_Short text fragments from websites_:
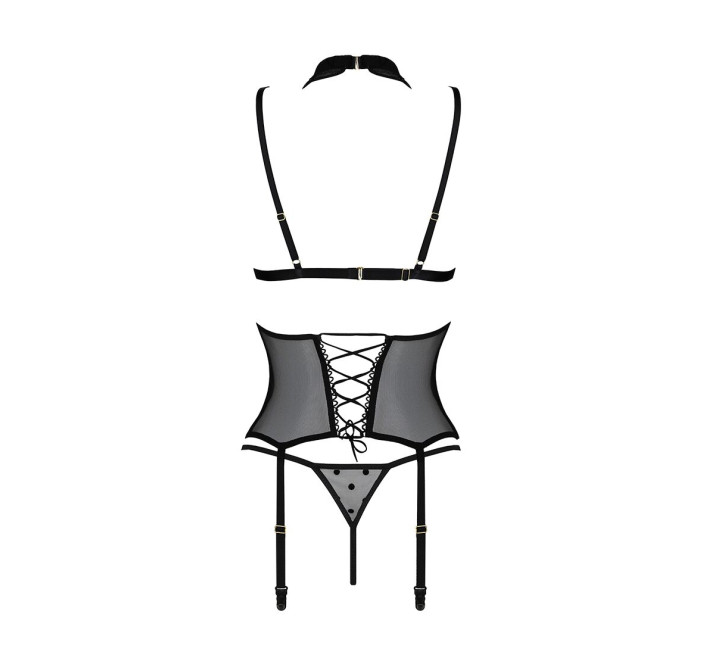 Корсет с открытой грудью Passion DOMINICA CORSET black L/XL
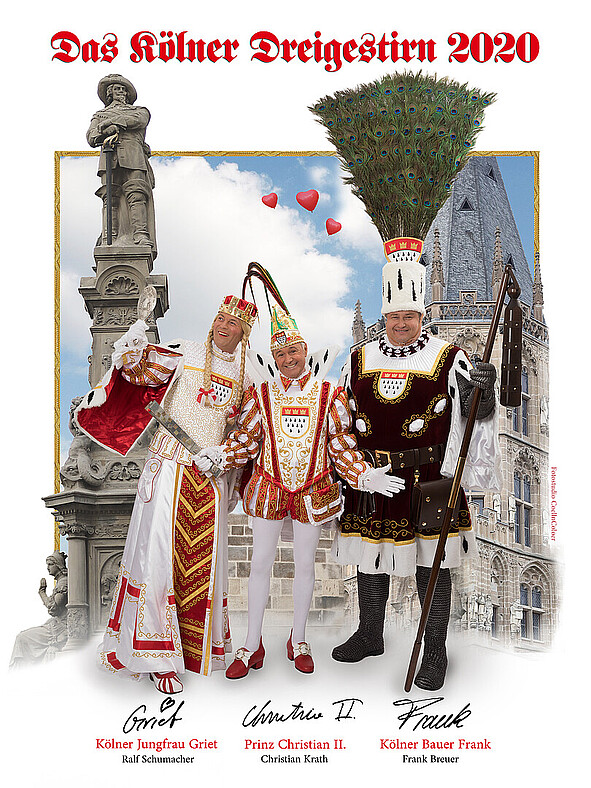 Autogrammkarte Kölner Dreigestirn 2020 Das Kölner Dreigestirn der Session 2020 steht vor dem Jan von Werth Brunnen, die Jungfrau schaut in ihren Spiegel, der Prin und der Bauer in die Kamera. Über allem steht der Schriftzug "Das Kölner Dreigestirn 2020", unter den drei Personen stehen die vollständigen Namen und ihre jeweilige Unterschrift. Von links nach rechts: Jungfrau Griet (Ralf Schumacher), Prinz Christian II. (Christian Krath) und Bauer Frank (Frank Breuer).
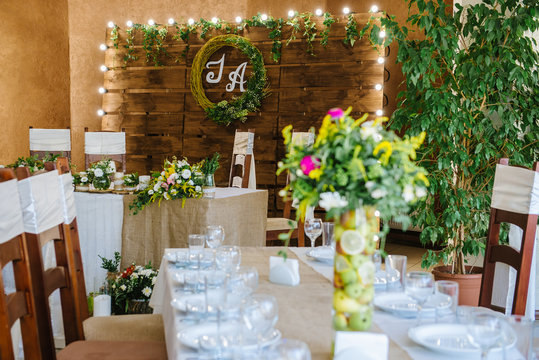 Wedding reception in wooden style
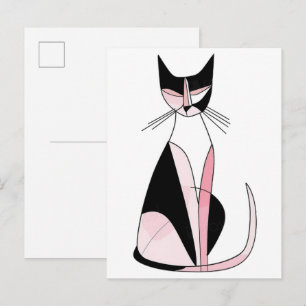 Minimalistische symmetrische Katzzeichnung Postkarte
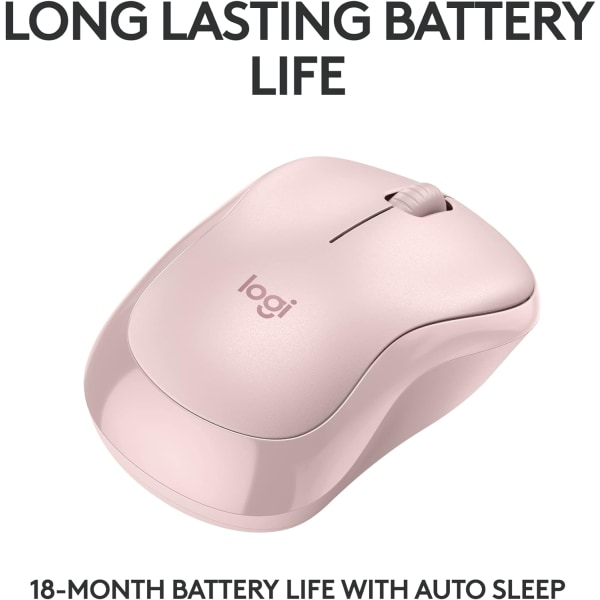 Logitech M221 Trådlös Bluetooth-mus, Kompakt, Smidig Spårning, 18 Månader Batteritid för Windows, macOS, ChromeOS, Linux, Kompatibel med PC, Mac, Bärbara datorer Pink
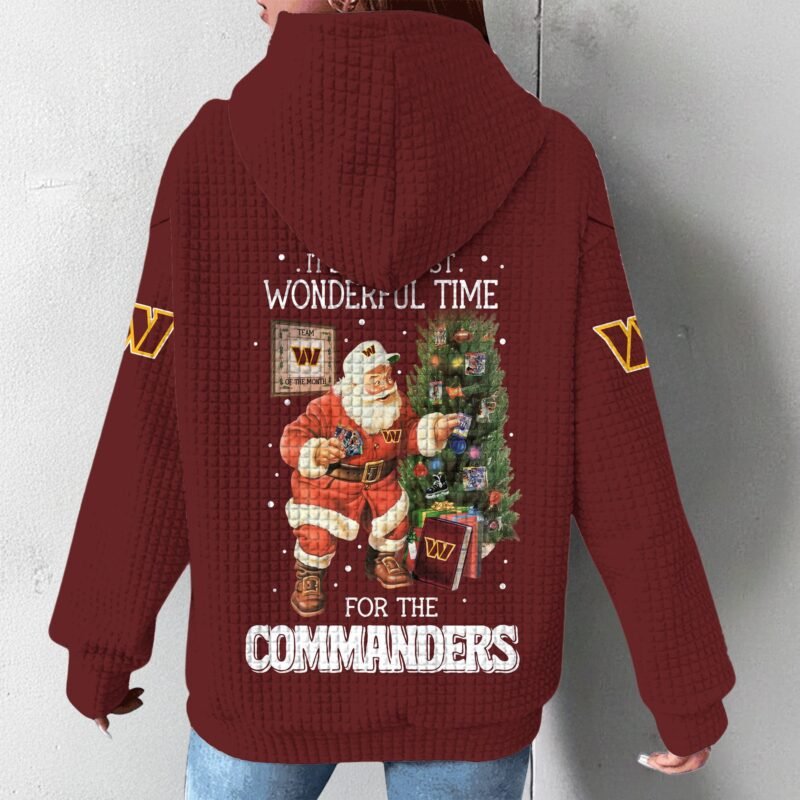 Washington Commanders | Premium NFL Christmas Waffle Hoodie HY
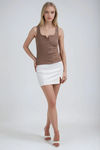 Cool Edge Ribbed Tank Top - Mocha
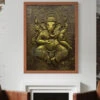 4x3 Feet Dancing Ganesha 3D Relief Mural Wall Art(Large Size Lord Ganesha 3d Wallart Relief Mural) -Artociti Sale Store 4x3 feet dancing ganesha 3d relief mural wall art golden framed decor 350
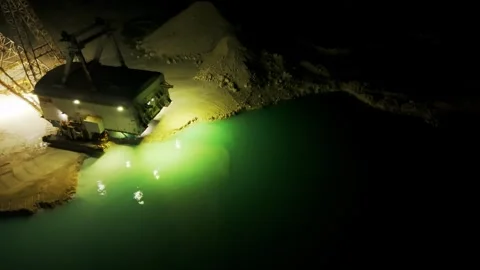 Night Aerial View of Canal Dredging Near Grand Bahama Shipyard, Freeport Stock Footage 330193955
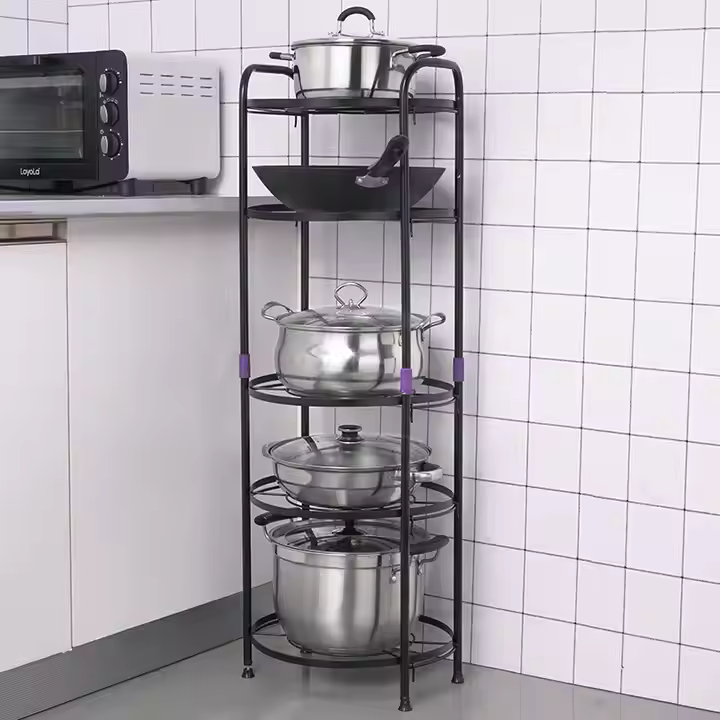 METAL POT RACK 5 LAYER MULTIPURPOSE KITCHEN ORGANIZER STAND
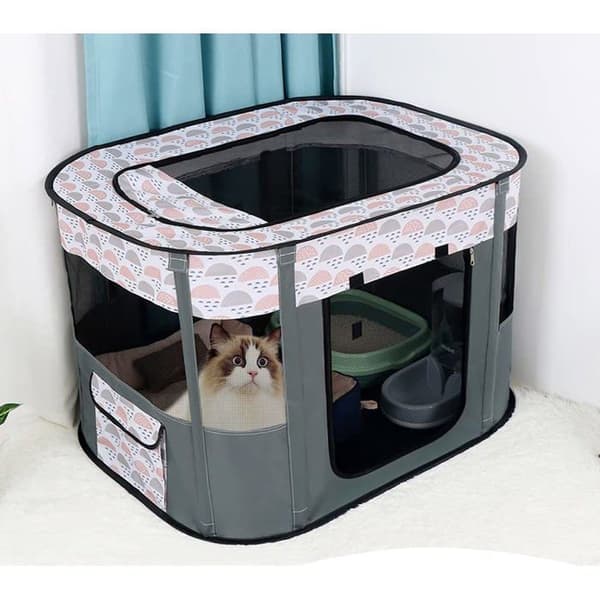Bærbart hundehus kæledyrshegn foldbar kæledyrslegegård (M/80 * 60cm, grå)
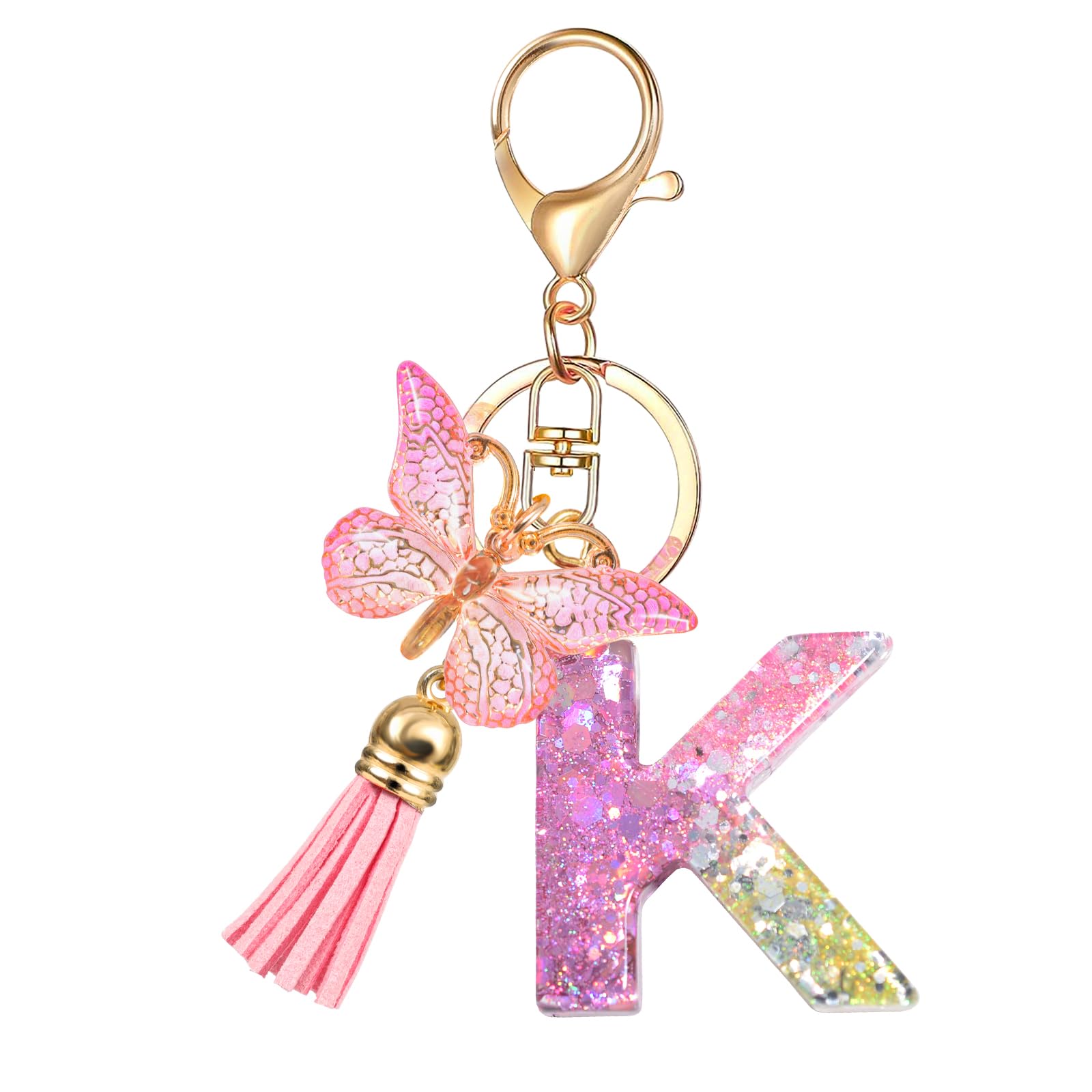 GIFTOXO Personalized Letter Keychains for Women & Girls - Cute Pink Keychain Accessories for Car Keys, Backpacks, Wallets - Perfect Gift for Birthdays, Christmas & Everyday Use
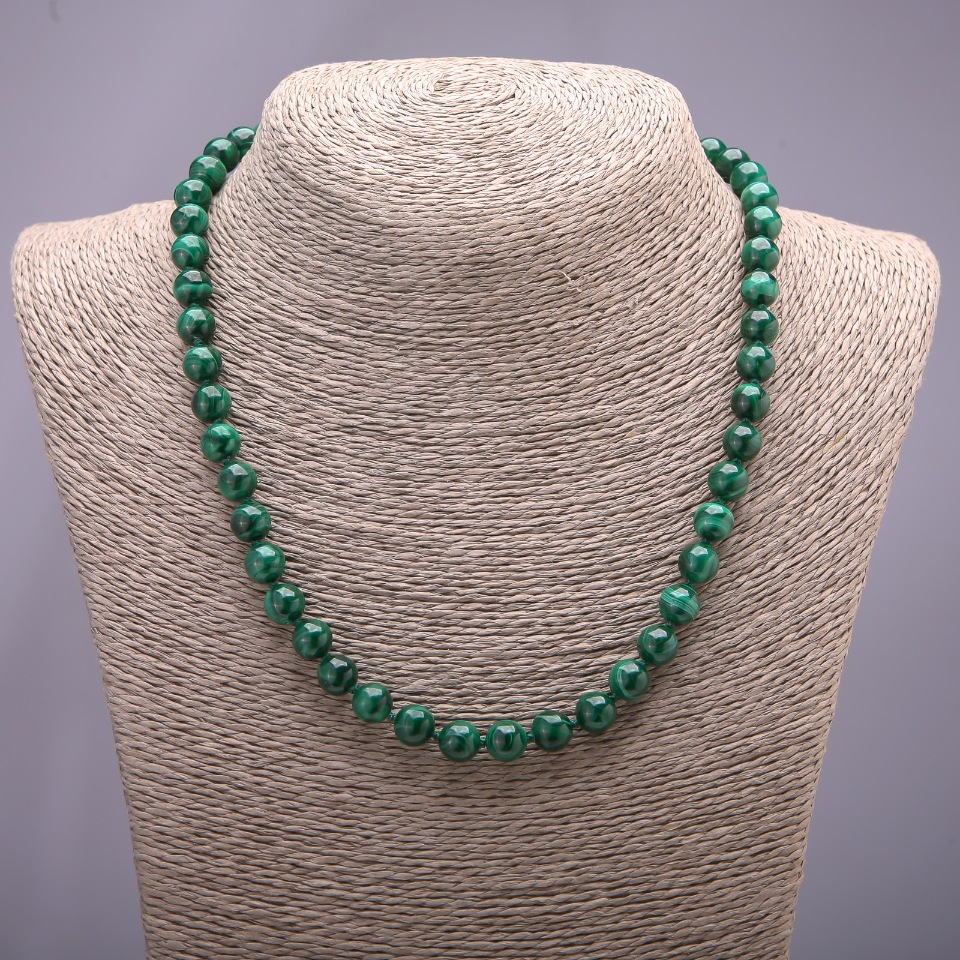 Natural Malachite Necklace with Smooth Bead, 8mm Diameter, 48cm Length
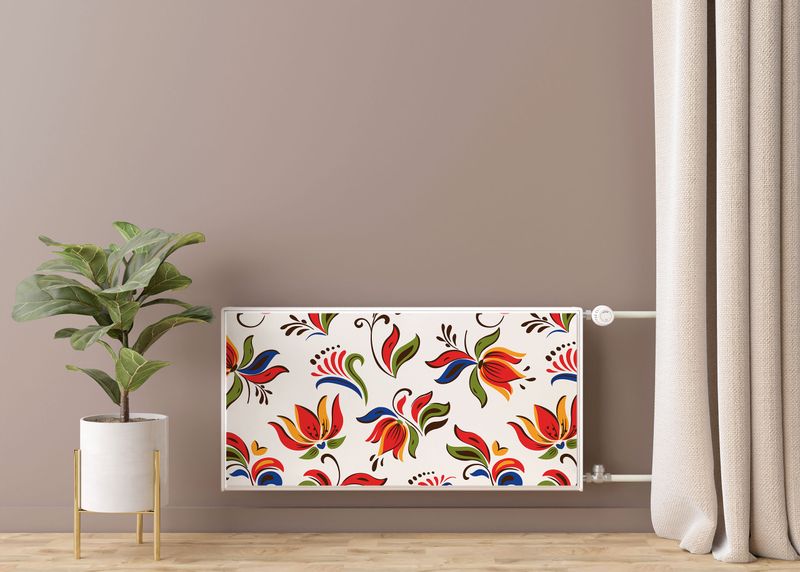 Osłona MAGNETYCZNA Grzejnika KWIATY Barwny Ludowy Wzór 80cm x 60cm zdjęcie 7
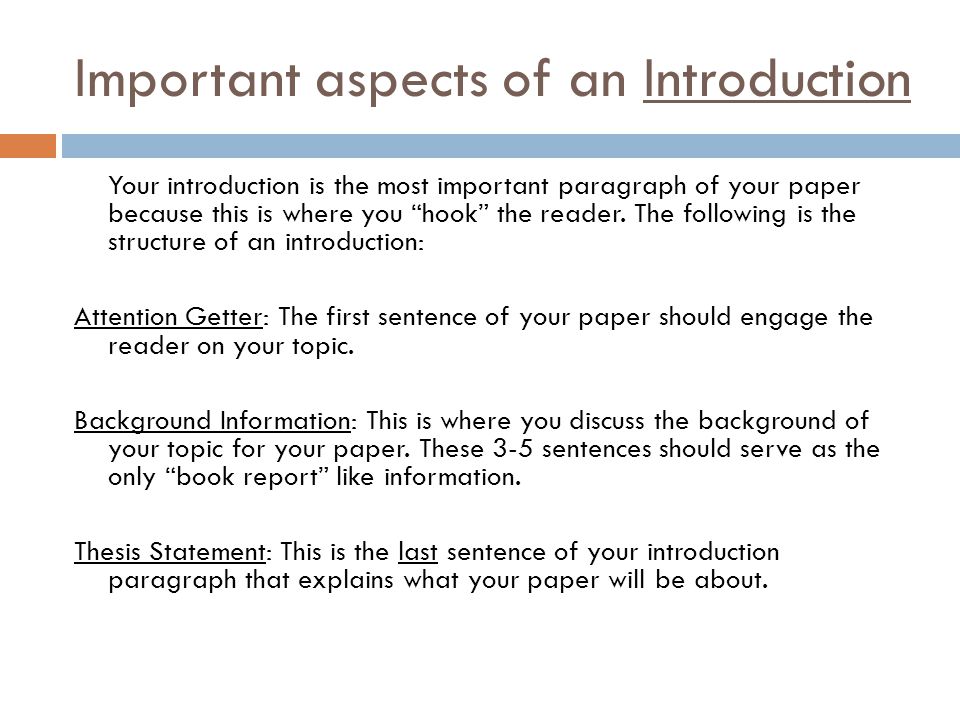 Important aspects of an Introduction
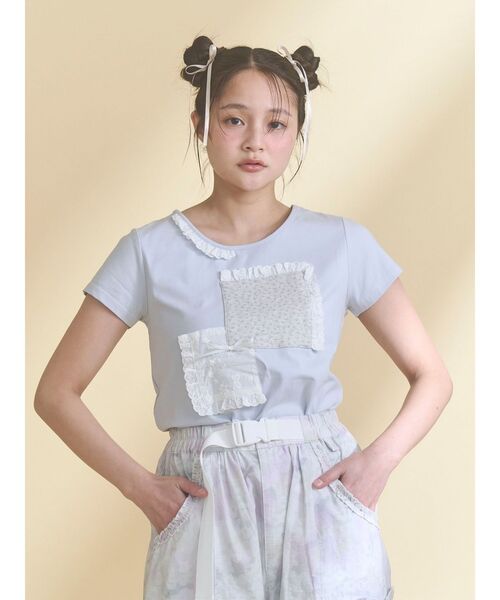merry jenny(メリージェニー)の「パッチワークリメイクtee(Tシャツ/カットソー・レディース・ライトブルー/オフホワイト・FREE)」の9枚目の写真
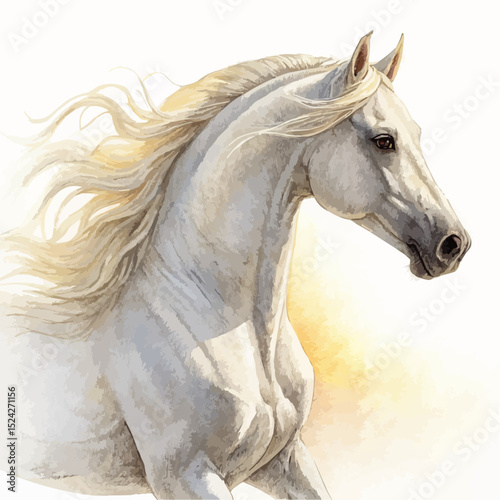 Elegant white horse portrait with a flowing mane in a soft pastel style with copy space.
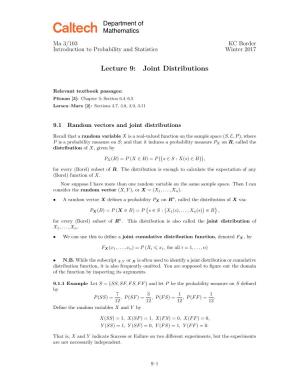 Lecture 9: Joint Distributions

_Exercise goal_: Output each entry shown above exactly as it stands, with all pictures removed.

_Task output_:
 Корсет с открытой грудью Passion DOMINICA CORSET black L/XL
 Autogrammkarte Kölner Dreigestirn 2020 Das Kölner Dreigestirn der Session 2020 steht vor dem Jan von Werth Brunnen, die Jungfrau schaut in ihren Spiegel, der Prin und der Bauer in die Kamera. Über allem steht der Schriftzug "Das Kölner Dreigestirn 2020", unter den drei Personen stehen die vollständigen Namen und ihre jeweilige Unterschrift. Von links nach rechts: Jungfrau Griet (Ralf Schumacher), Prinz Christian II. (Christian Krath) und Bauer Frank (Frank Breuer).
 Wedding reception in wooden style
 Minimalistische symmetrische Katzzeichnung Postkarte
 Logitech M221 Trådlös Bluetooth-mus, Kompakt, Smidig Spårning, 18 Månader Batteritid för Windows, macOS, ChromeOS, Linux, Kompatibel med PC, Mac, Bärbara datorer Pink
 Washington Commanders | Premium NFL Christmas Waffle Hoodie HY
 Cool Edge Ribbed Tank Top - Mocha
 4x3 Feet Dancing Ganesha 3D Relief Mural Wall Art(Large Size Lord Ganesha 3d Wallart Relief Mural) -Artociti Sale Store 4x3 feet dancing ganesha 3d relief mural wall art golden framed decor 350
 Night Aerial View of Canal Dredging Near Grand Bahama Shipyard, Freeport Stock Footage 330193955
 METAL POT RACK 5 LAYER MULTIPURPOSE KITCHEN ORGANIZER STAND
Bærbart hundehus kæledyrshegn foldbar kæledyrslegegård (M/80 * 60cm, grå)
 GIFTOXO Personalized Letter Keychains for Women & Girls - Cute Pink Keychain Accessories for Car Keys, Backpacks, Wallets - Perfect Gift for Birthdays, Christmas & Everyday Use
 Natural Malachite Necklace with Smooth Bead, 8mm Diameter, 48cm Length
 Osłona MAGNETYCZNA Grzejnika KWIATY Barwny Ludowy Wzór 80cm x 60cm zdjęcie 7
 Important aspects of an Introduction
merry jenny(メリージェニー)の「パッチワークリメイクtee(Tシャツ/カットソー・レディース・ライトブルー/オフホワイト・FREE)」の9枚目の写真
 Elegant white horse portrait with a flowing mane in a soft pastel style with copy space.
 Lecture 9: Joint Distributions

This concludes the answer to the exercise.